Project

General

Profile

Using AlvisNLPML on Migale

AlvisNLP/ML installed on bibdev

There are two versions installed on bibdev:

/bibdev/install/alvisnlp/latest/bin/alvisnlp

The latest numbered version of AlvisNLP/ML. It passes regression tests and all modules are fully documented. This version is quite old and may not include all nice features.
To set the PATH in order to use this version, run /bibdev/install/alvisnlp/latest/environ.sh.

Note: the current latest version is really old. Don't use it.

/bibdev/install/alvisnlp/devel/bin/alvisnlp

The latest revision of AlvisNLP/ML that passes regression tests. All modules are not necessarily documented.
To set the PATH in order to use this version, run /bibdev/install/alvisnlp/devel/environ.sh.

On migale

Connect as user textemig:

/projet/maiage/work/textemig/software/install/alvisnlp

There is a symlink in textemig's home, a different path to the same directory:

/projet/maiage/save/textemig/projet-work/software/install/alvisnlp

Submitting AlvisNLP/ML jobs on the Grid Engine

The scenario assumed here is the processing of a large corpus with a single AlvisNLP/ML plan.

Find a shared disk space

All resources must be reachable from migale and the cluster nodes (named nXX). This includes:

  • the AlvisNLP/ML install directory
  • all external executables used with the plan (treetagger, yatea, etc.), usually in /projet/maiage/work/textemig/software/
  • the corpus files
  • all resources used by the modules (lexicons, classifiers, etc.), usually in /projet/maiage/work/textemig/resources/
  • directories where output will be written

The following directories are mounted on migale and all nodes:

  • /projet/mig/work: this is recommended to place as much data as possible in this directory

Split the corpus

Split the corpus. There is no general rule over the size of corpus chunks. Usually you will have to balance between more smaller chunks or fewer larger chunks.

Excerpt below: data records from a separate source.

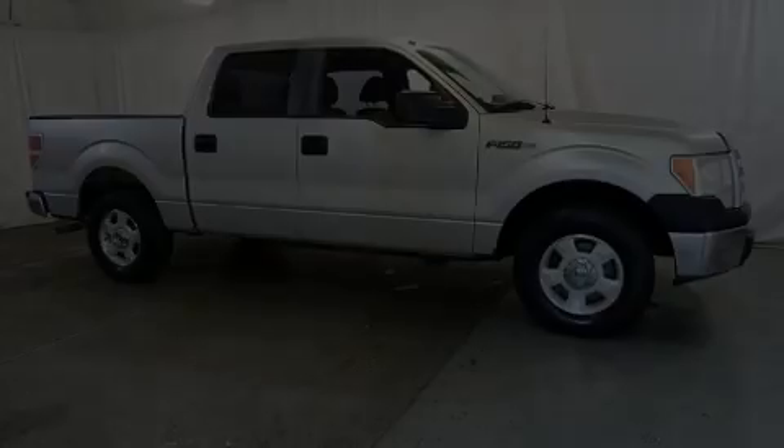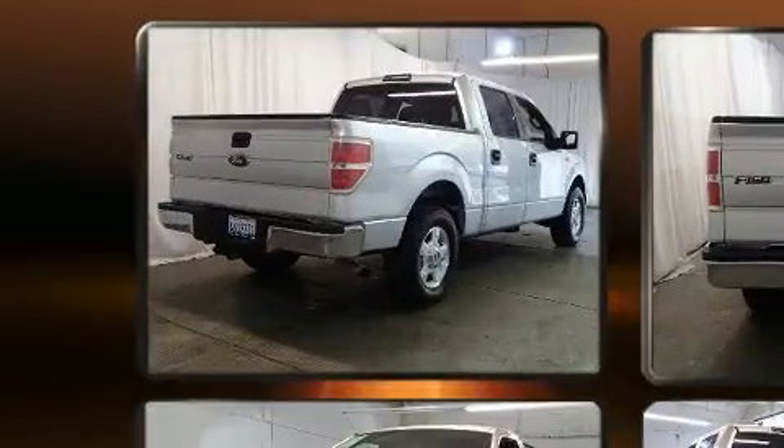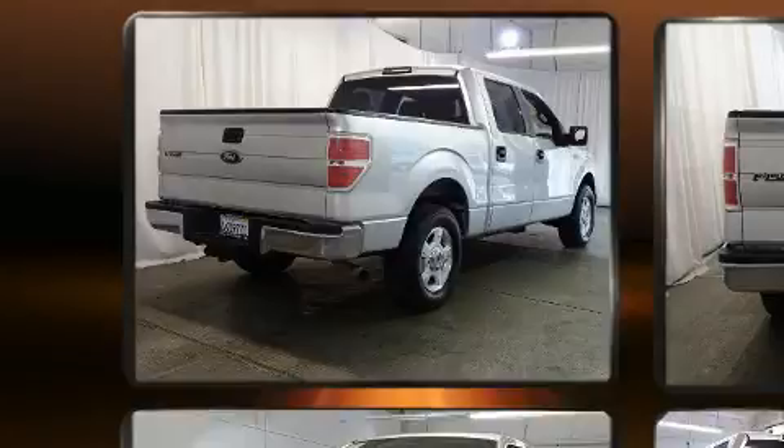Sensibility and practicality define the 2010 Ford F-150. It features an automatic transmission, rear-wheel drive, and a powerful eight-cylinder engine.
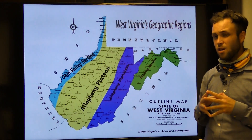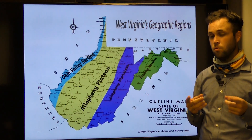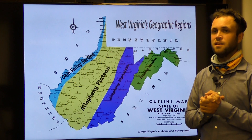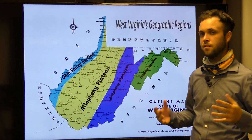Based on this map, can you identify which geographic region you live in? Now that we have that established, let's break down some of the characteristics of each region.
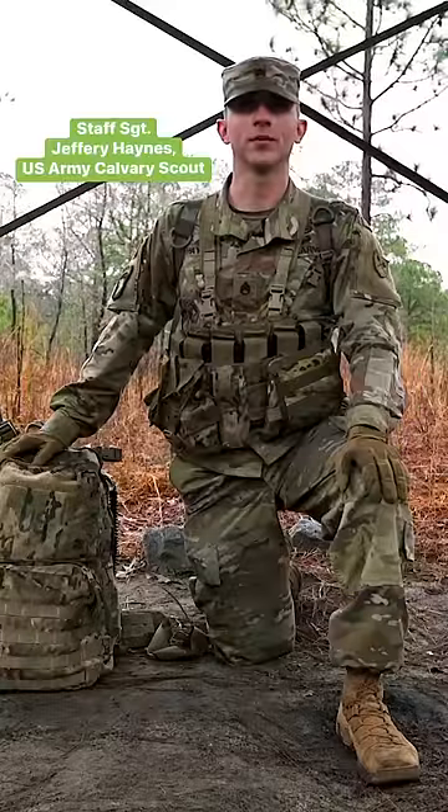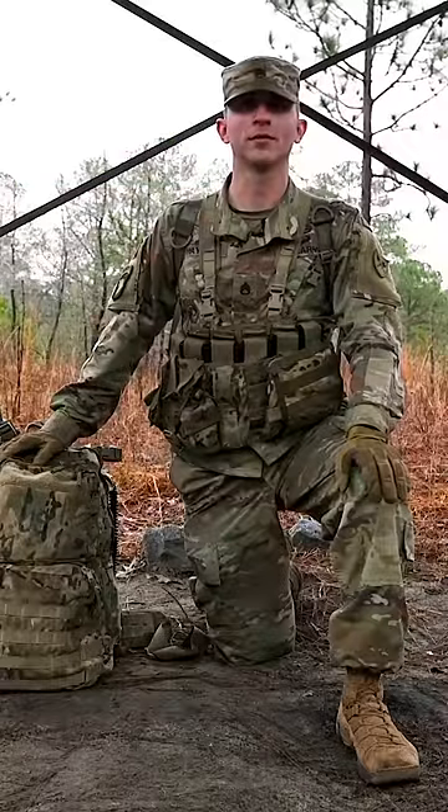My name is Staff Sergeant Jeffrey Haynes. Today I'm gonna go over the loadout bag for Army Cavalry Scout, also known as a 72-hour bag.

Advantages of smaller chunks:

  • more parallelism
  • easier re-run if the processing of some chunks failed
  • in some cases, smaller chunks have less chance to fail (less out-of-memory errors, for instance)

Advantages of larger chunks:

  • anyway, parallelism is limited to the amount of slots in the Grid Engine anyway
  • spend less time in warm-up (resource loading)

Tools for splitting

  • split is a GNU/Unix command that splits text files by chunks of equal number of lines
  • /projet/maiage/work/textemig/software/pubmed-utils/split-pubmed.py is a script that splits PubMed XML files

Prepare a cluster-ready plan

The same plan will be used for the different chunks. However there are parameters that will be specific of each chunk:

  • parameters that specify the source in the reader module (obviously)
  • parameters that specify the output directory or file for modules that write stuff (TabularExport, AlvisIRIndexer, etc.)

In the variable parts of the parameters, one can use a custom XML entity:

<module id="reader" class="TexFileReader">
  <sourcePath>&inputfile;</sourcePath>
</module>

...

<module id="export" class="TabularExport">
  <outDir>output</outDir>
  <fileName>"&outputfile;"</fileName>
</module>

The alvisnlp command-line allows to specify de value of XML entities.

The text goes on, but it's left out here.